保険は実際に発生した損害を補填するものです。なので、実際に発生した損害は何で、それが具体的に幾らの損害だったのかを証明する証拠が必要になります。
自動車保険なら事故が起きた車両を確認することで具体的な損害内容を特定できるので、事故が起きた後は保険会社に任せておけば良い。とすることができますが、サイバー攻撃による損害はそうはいきません。
自動車事故でも保険金詐欺があるように、サイバー保険でも保険金詐欺はあり得ます。
損害内容が目に見える自動車事故と違って、サイバー攻撃による損害は目に見えません。
保険会社は自作自演の被害申告によって保険金をだまし取られることを防がないといけませんから、発生した損害が事実であり、金額も含めて正しいものであることを確かめようとします。
なので、被害を受けた金額が保険金として保険会社から支払われるのは、その金額を自社で支払った後に、その証拠を保険会社に提示し、保険会社側でその内容が損害額として認められた後になる。

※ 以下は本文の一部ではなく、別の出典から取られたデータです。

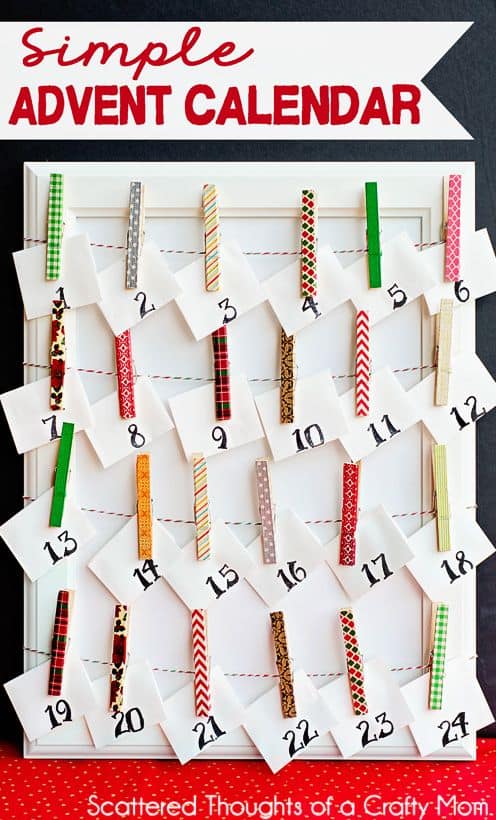 simple advent calendar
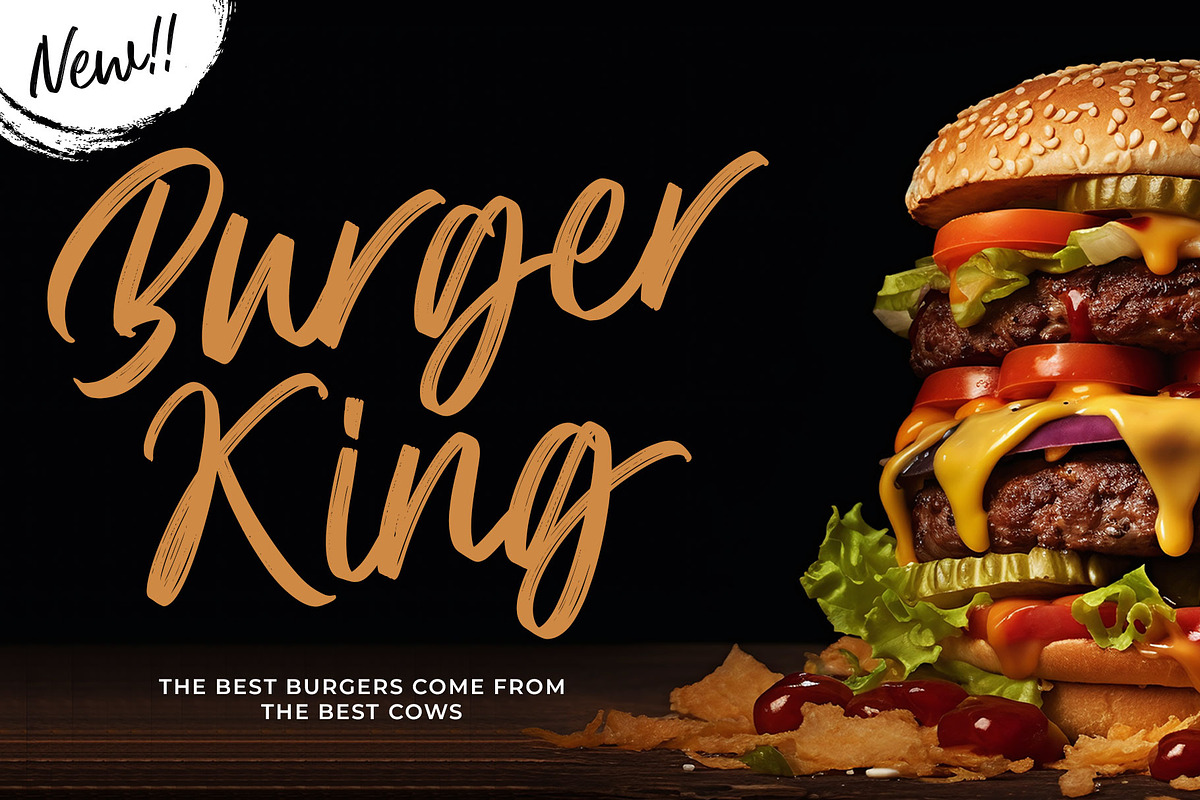 Hesmony Modern Brush Script Font, a Script Font by RantautypeStudio (Photo 9 of 15)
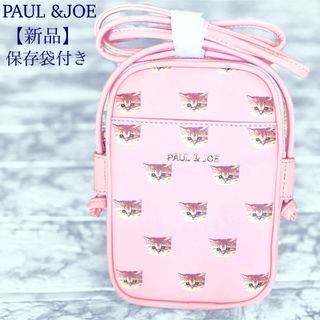 PAUL & JOE - 【新品】ポール&ジョー　ミニ ポシェット　ショルダー　サコッシュ　ヌネット　ねこ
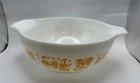RARE Pyrex Orange Pumpkin Amish Butterprint Mixing Bowl 443 - 2 1/2 Qt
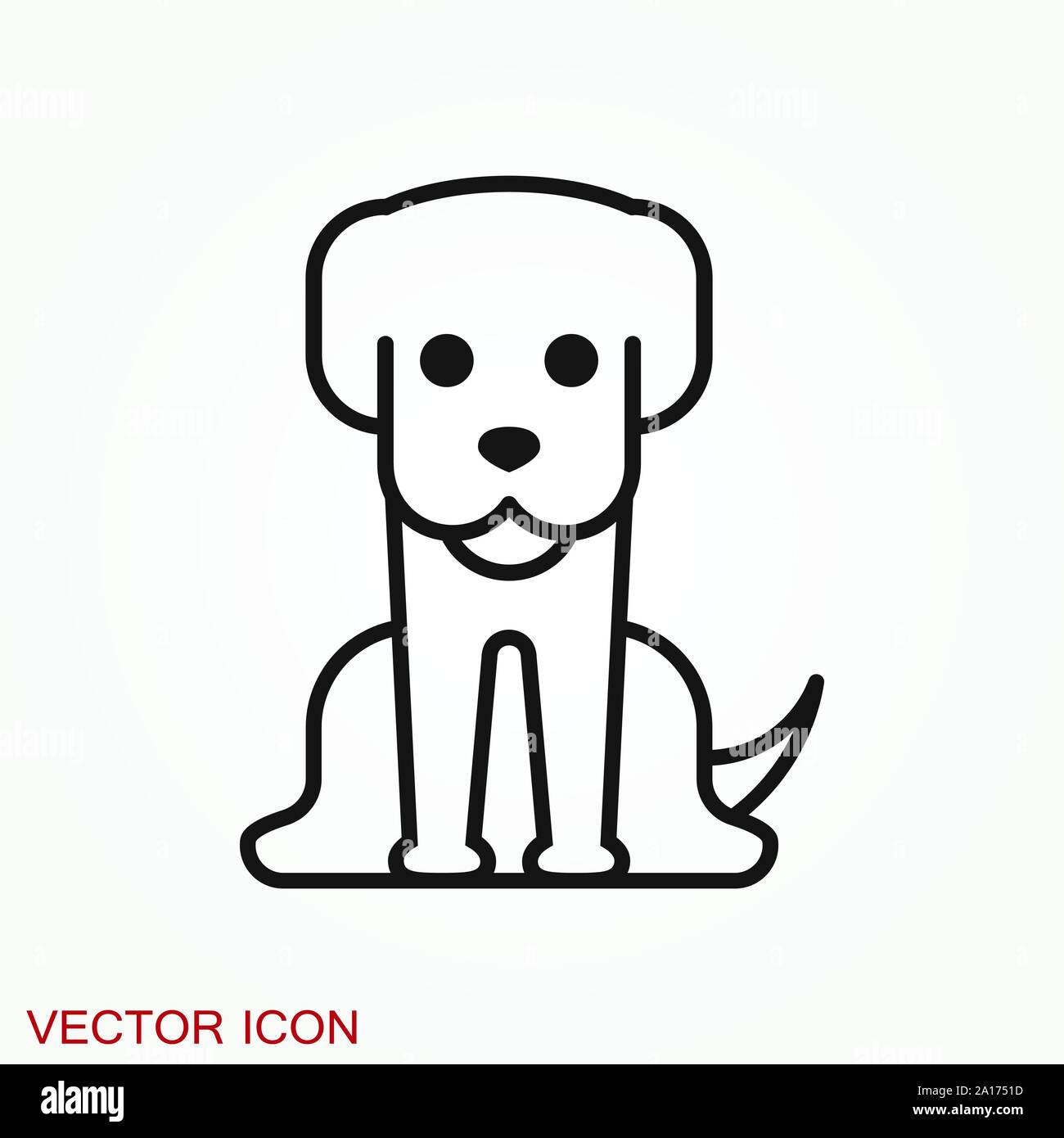 Dog icon. Vector element for your design Stock Vector Image & Art - Alamy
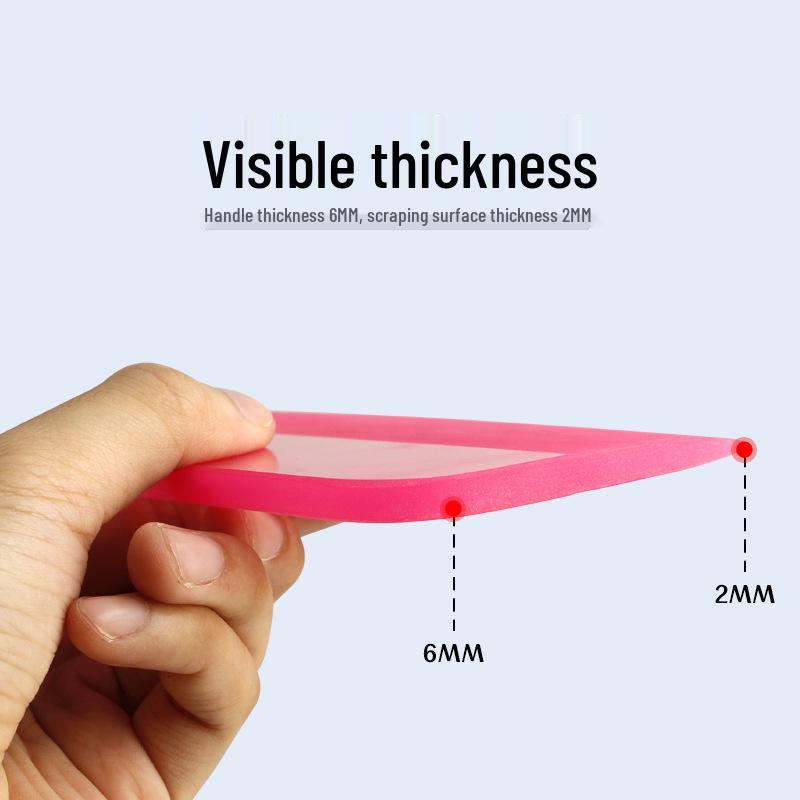 Pink Invisible Car Film Soft Ox Tendon Scraper for PPF and Color Change Applications
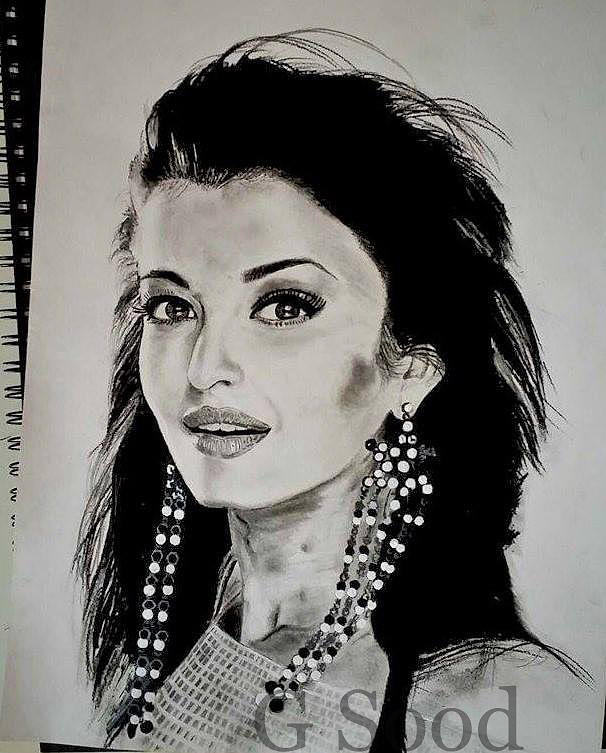 Drawing Aishwarya Rai by jimmy | OurArtCorner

ということです。
実際、某企業では、損害の証拠となるデータを保険会社に提示し、保険会社側で精査するというやり取りに膨大な時間がかかり、被害が発生してから実に数年も経って、ようやく保険金が支払われることが決定したという事実があります。
損害賠償などを巡って裁判などになれば、当然、その分の時間もかかることになります。
🔍保険金が支払われるまでの体力が貴社にあるか?
資金に余裕がある大手企業ならともかく、資金繰りに余裕がない中小企業では、保険金が支払われるまでの間に発生する支払いに耐えきれないかもしれません。
また、保険会社に対して正確な証拠を提示するためには、その証拠を揃える人材も必要になります。

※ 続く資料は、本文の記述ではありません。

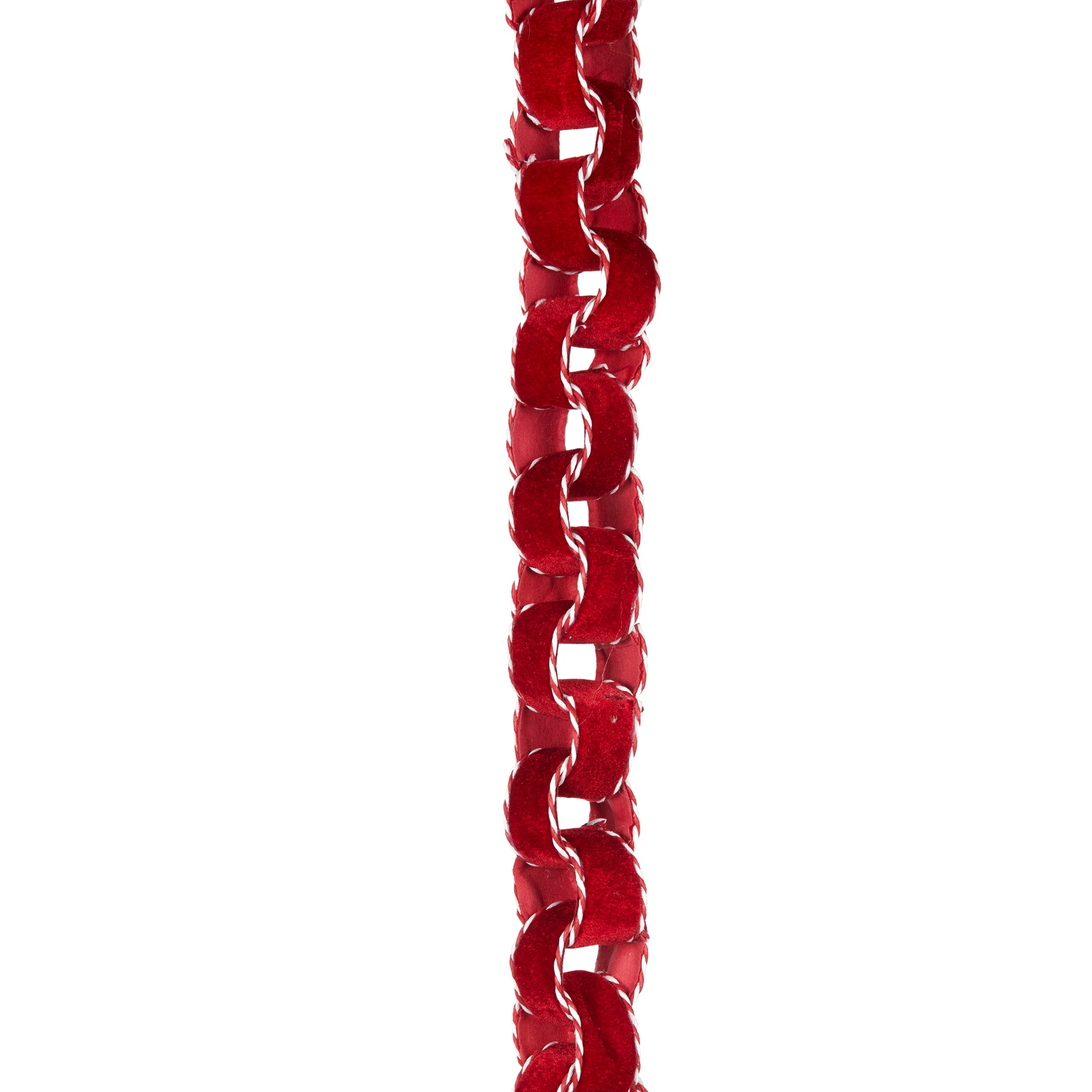 Deep Red Paper Chains – Holly & Ivy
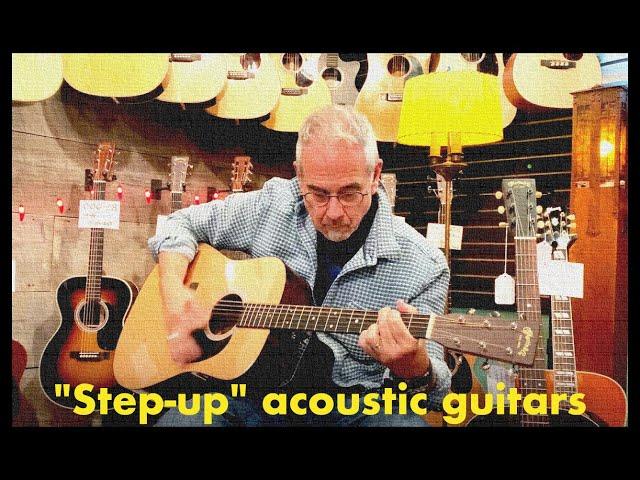 "Step up" acoustic guitars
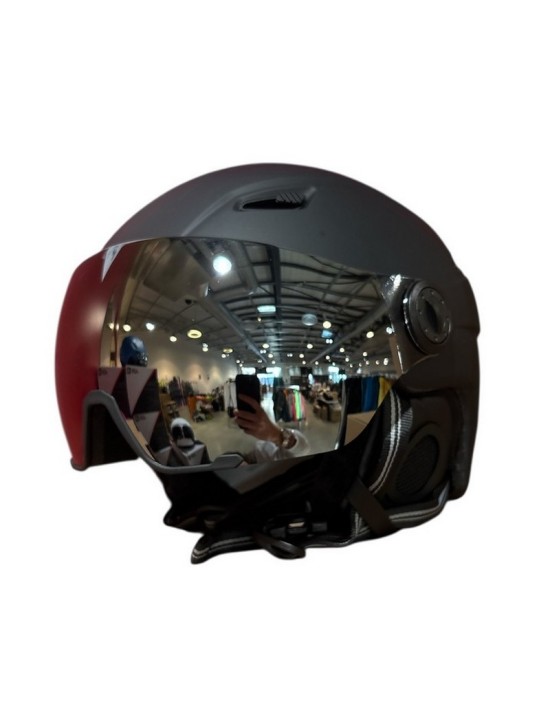 Casque de ski Neuf à visière Zig Zag Noir S3 Tout temps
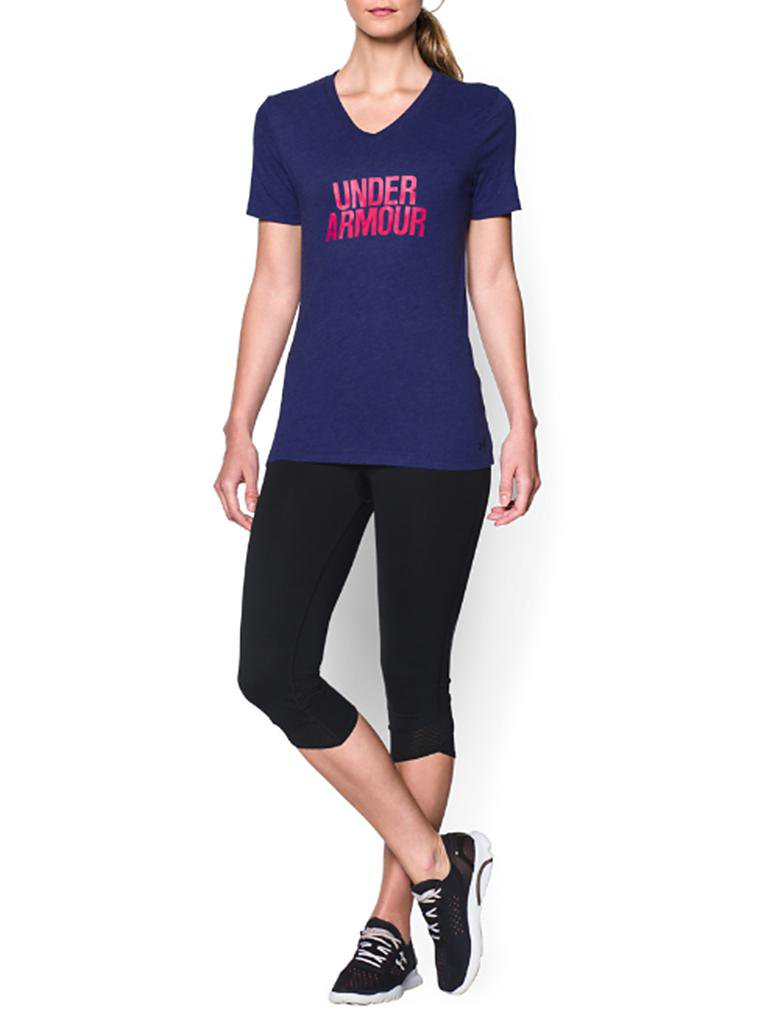 UNDER ARMOUR | Damen Trainings-Shirt Core Wordmark |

人手不足が叫ばれる中、自社の業務を実施しながら、保険会社に提出するためのデータを作成し、保険会社とやり取りするだけの時間を割くことができる人材が自社にいるでしょうか?
保険会社も商売なので、おおざっぱな証拠だけで保険金を支払ってくれるということはありません。
この労力が割けない、また、正確な証拠が提示できないということから、保険金の申請を諦めざるを得ないということもありえるのです。
💸 すべての損害が保険でカバーされるとは限らない
さらに注意が必要なのは、保険の補償範囲です。
例えば次のような費用や損害は、保険ではカバーされないケースがあります。
サイバー保険を契約しておきさえすれば、何でも保険でカバーされるわけではありません。
- 失った顧客との信頼関係
- 自社ブランドの毀損
- 規定外のIT資産に対する損害
- 保険契約の免責額を下回る損害
つまり、保険で金銭的な穴埋めはできても、信用の穴埋めはできません。
🛡 保険は“最後の砦”、日頃の防御こそ最重要
サイバー保険は、あくまで最後の備えです。
それよりもまず重要なのは、
- 社員に対する標的型攻撃メール訓練
- システムの脆弱性管理
- 多要素認証の導入など、
日常的なセキュリティ対策を講じておくことです。
いざという時の損害は保険で戻ってくるのなら、セキュリティ対策に費用をかける必要なんて無いと考えるのは、中小企業にとっては非常に危険な考え方だということは、前述までの内容でご理解いただけるかと思います。
🚨 経営にとって“備え”とは何か
保険は「守りの道具」のひとつに過ぎません。
企業経営にとって本当に大切なのは、攻撃を受けないための努力を怠らないことです。
経営資源を「セキュリティ対策」ではなく「保険料」だけに投じていると、いざという時に「対応の遅れが命取り」になることを、ぜひ知っておいてください。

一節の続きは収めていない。